### ASSIGNED TASK
Transcribe the lines below exactly. No image belongs in the transcription.

(Pictures with short captions)

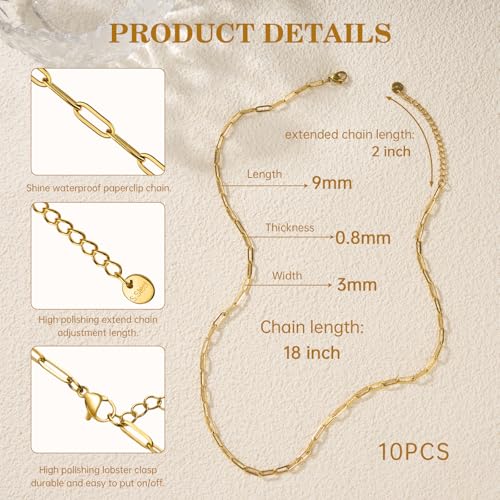 GTVOODX 10Pcs 18Inch 18K Gold Plated Charm Necklace Chain Bulk 3x9mm Paperclip Stainless Steel Chains for Jewelry Making Supplies - color: Gold, size: 18 Inch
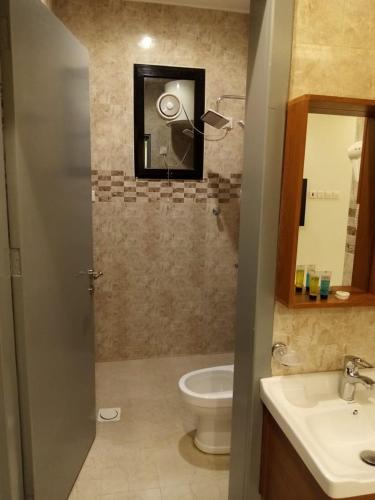 a bathroom with a toilet and a sink and a mirror at فندق الحاتمية in Abha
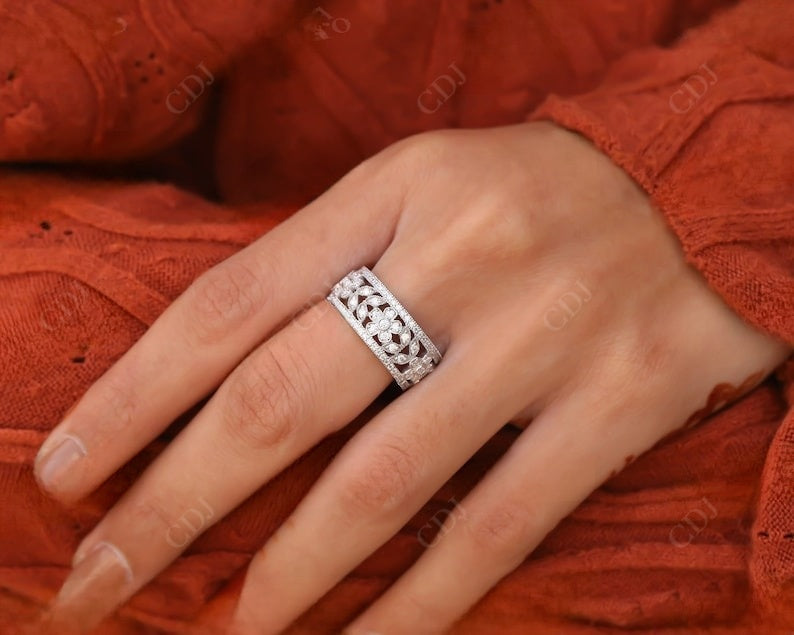 Vintage Wide Natural Diamond Full Eternity Wedding Band  customdiamjewel   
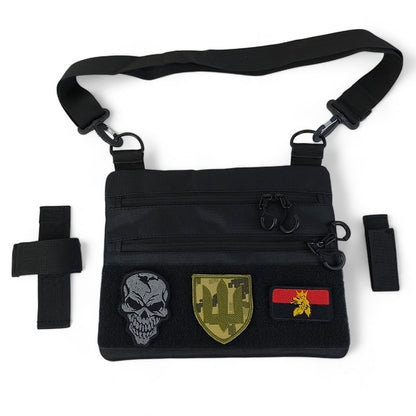 Тактический рюкзак через плечо, Нагрудная сумка мужская тактическая тканевая, Нагрудная сумка кобура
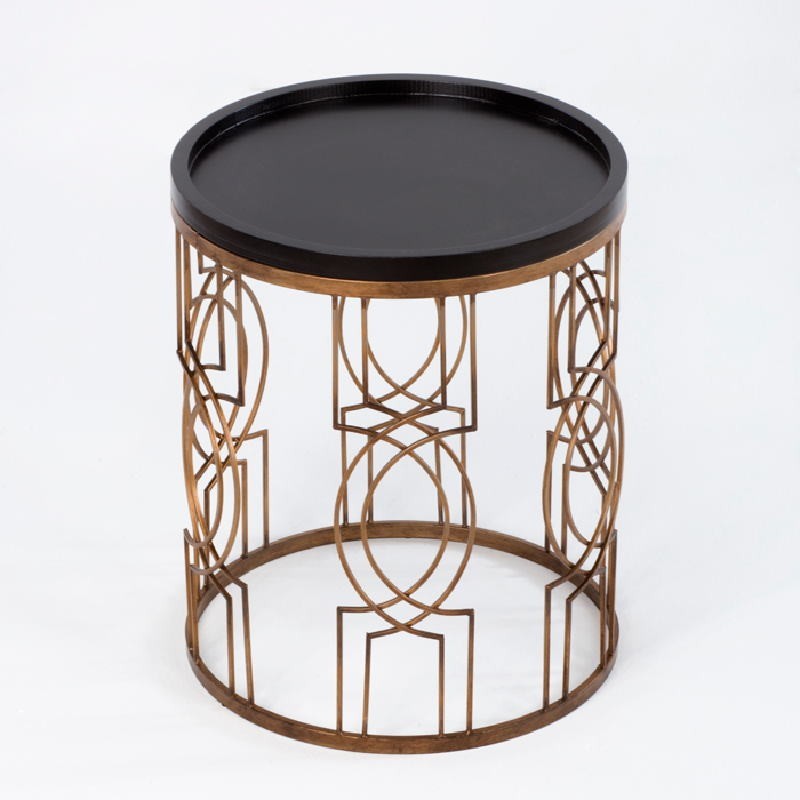 Auxiliary Table 51X51X62 Metal Golden Wood Black to associate with Scandinavian Coffee Tables With a Clean Design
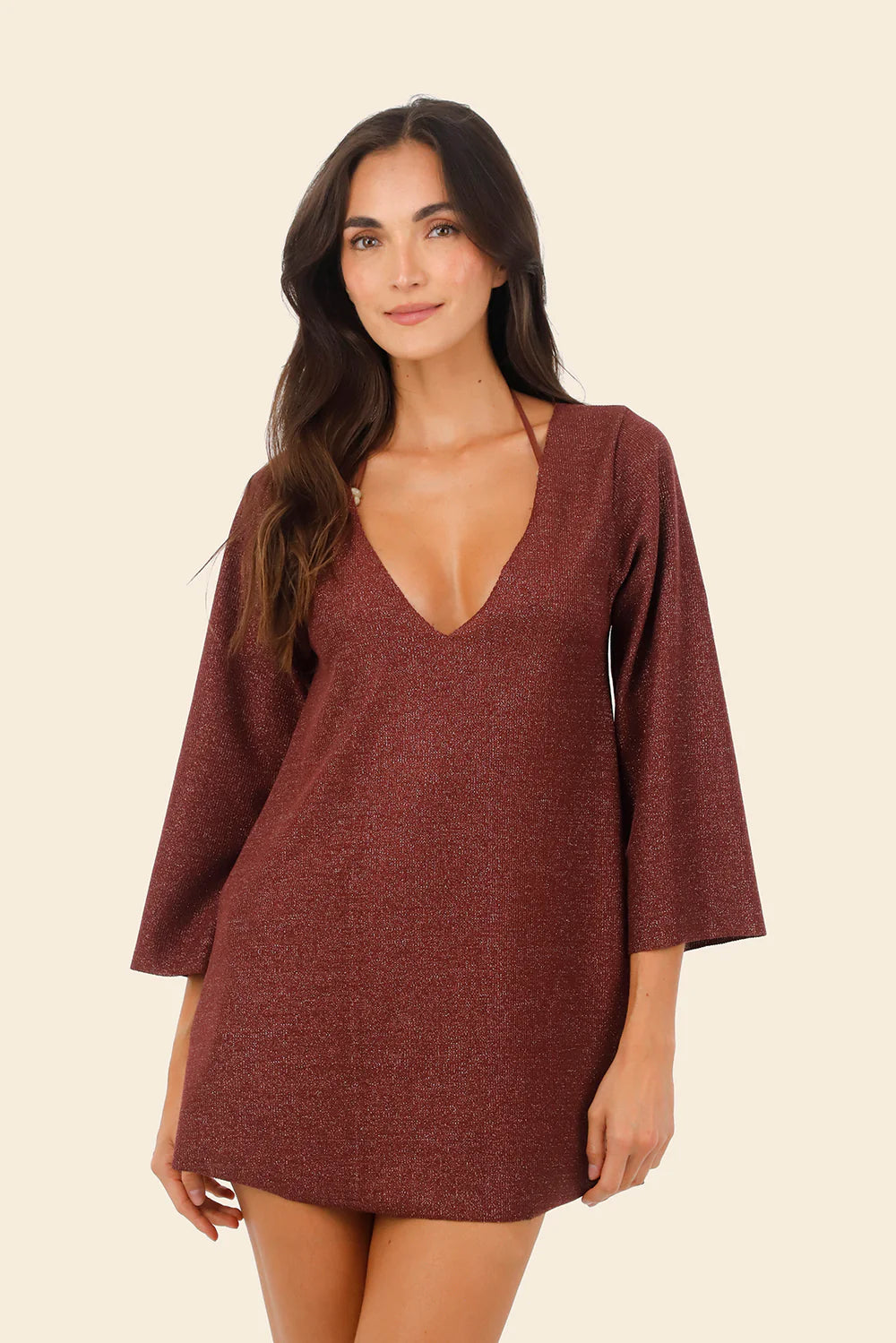 Dress Apogeo Textured Barn Red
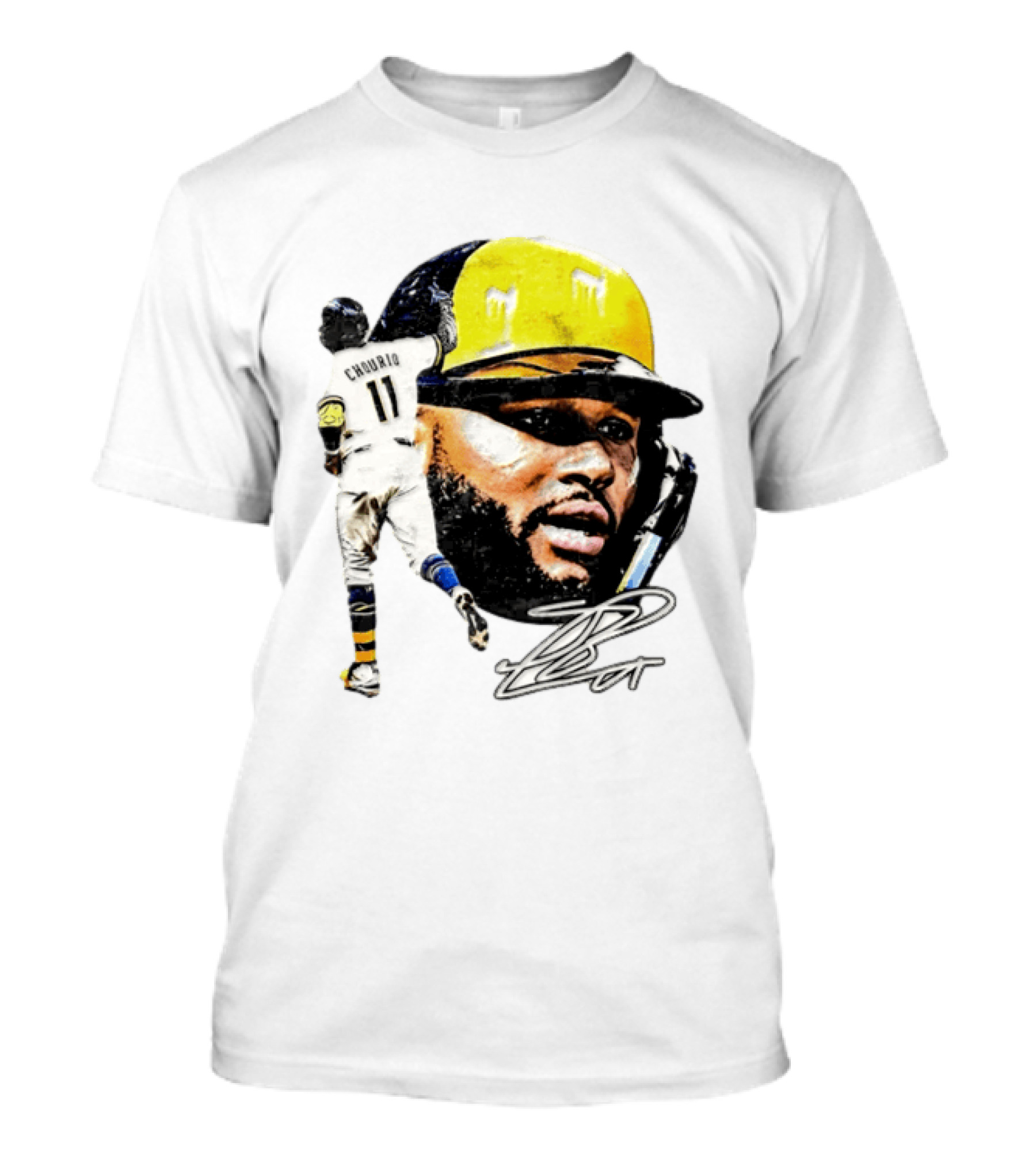 Jackson Chourio #11 Milwaukee Baseball Player Portrait And Signature T-Shirt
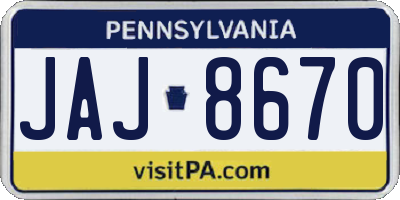 PA license plate JAJ8670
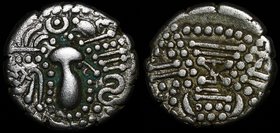 Indo-Sasanian "Gadhaiya Paisa" Drachm 950 - 1050 AD
MNI# 424; Billon 4.02g 16 mm; Coinage Chaulukya Series of Saurashtra and Gujarat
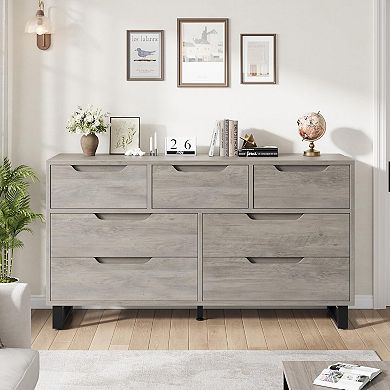 Modern Wooden Dresser for Bedroom, Freestanding Horizontal Storage Drawer Chest
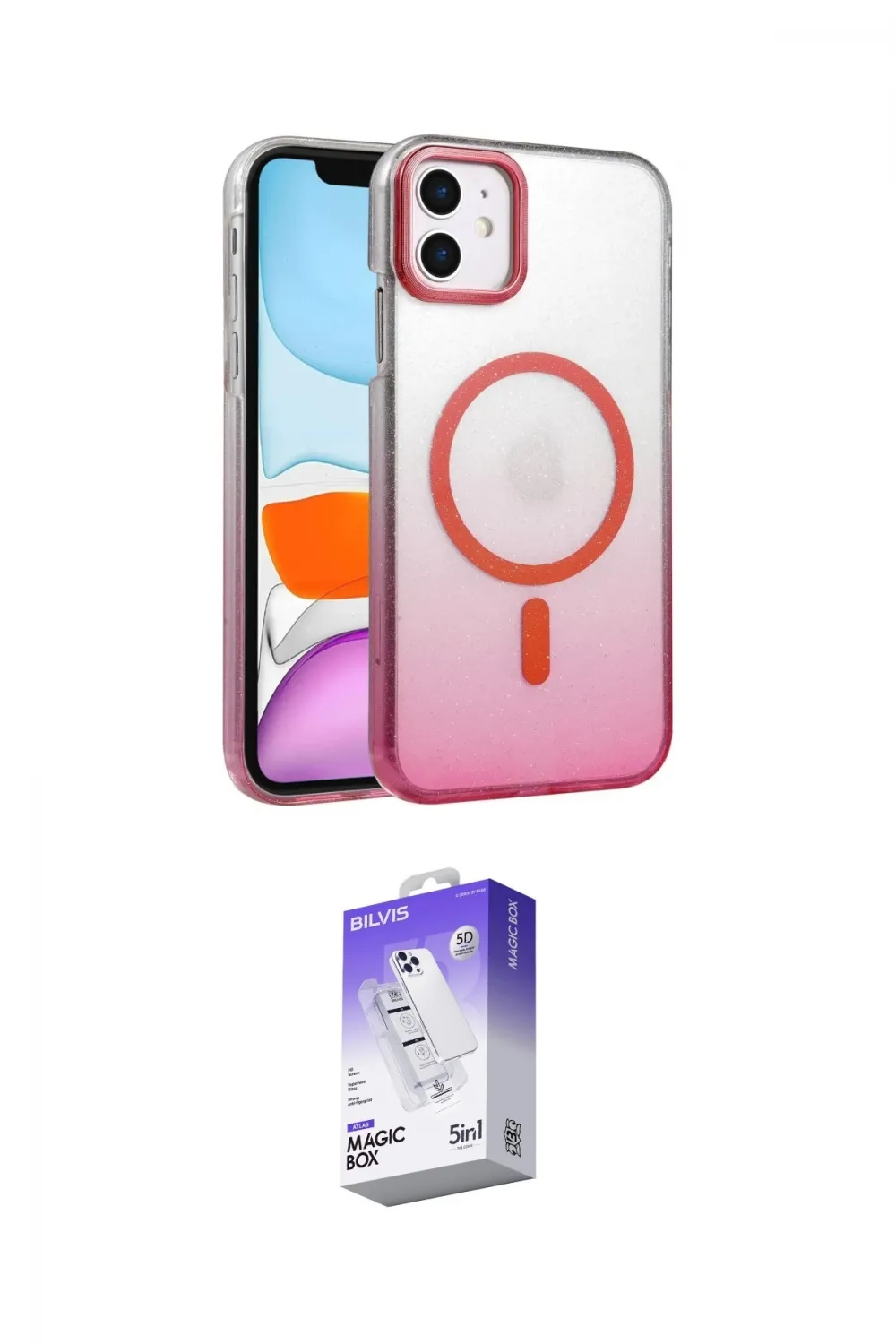 ieg™ iPhone 11 Kılıf Ahenk Doku Özel Seri - Siyah Bilvis 5in1 3D Magic Cam Ekran Koruyucu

### EXPECTED ANSWER
 GTVOODX 10Pcs 18Inch 18K Gold Plated Charm Necklace Chain Bulk 3x9mm Paperclip Stainless Steel Chains for Jewelry Making Supplies - color: Gold, size: 18 Inch
 a bathroom with a toilet and a sink and a mirror at فندق الحاتمية in Abha
 Vintage Wide Natural Diamond Full Eternity Wedding Band  customdiamjewel   
 Тактический рюкзак через плечо, Нагрудная сумка мужская тактическая тканевая, Нагрудная сумка кобура
 Auxiliary Table 51X51X62 Metal Golden Wood Black to associate with Scandinavian Coffee Tables With a Clean Design
 Dress Apogeo Textured Barn Red
 Jackson Chourio #11 Milwaukee Baseball Player Portrait And Signature T-Shirt
 PA license plate JAJ8670
 Indo-Sasanian "Gadhaiya Paisa" Drachm 950 - 1050 AD
MNI# 424; Billon 4.02g 16 mm; Coinage Chaulukya Series of Saurashtra and Gujarat
 Modern Wooden Dresser for Bedroom, Freestanding Horizontal Storage Drawer Chest
 ieg™ iPhone 11 Kılıf Ahenk Doku Özel Seri - Siyah Bilvis 5in1 3D Magic Cam Ekran Koruyucu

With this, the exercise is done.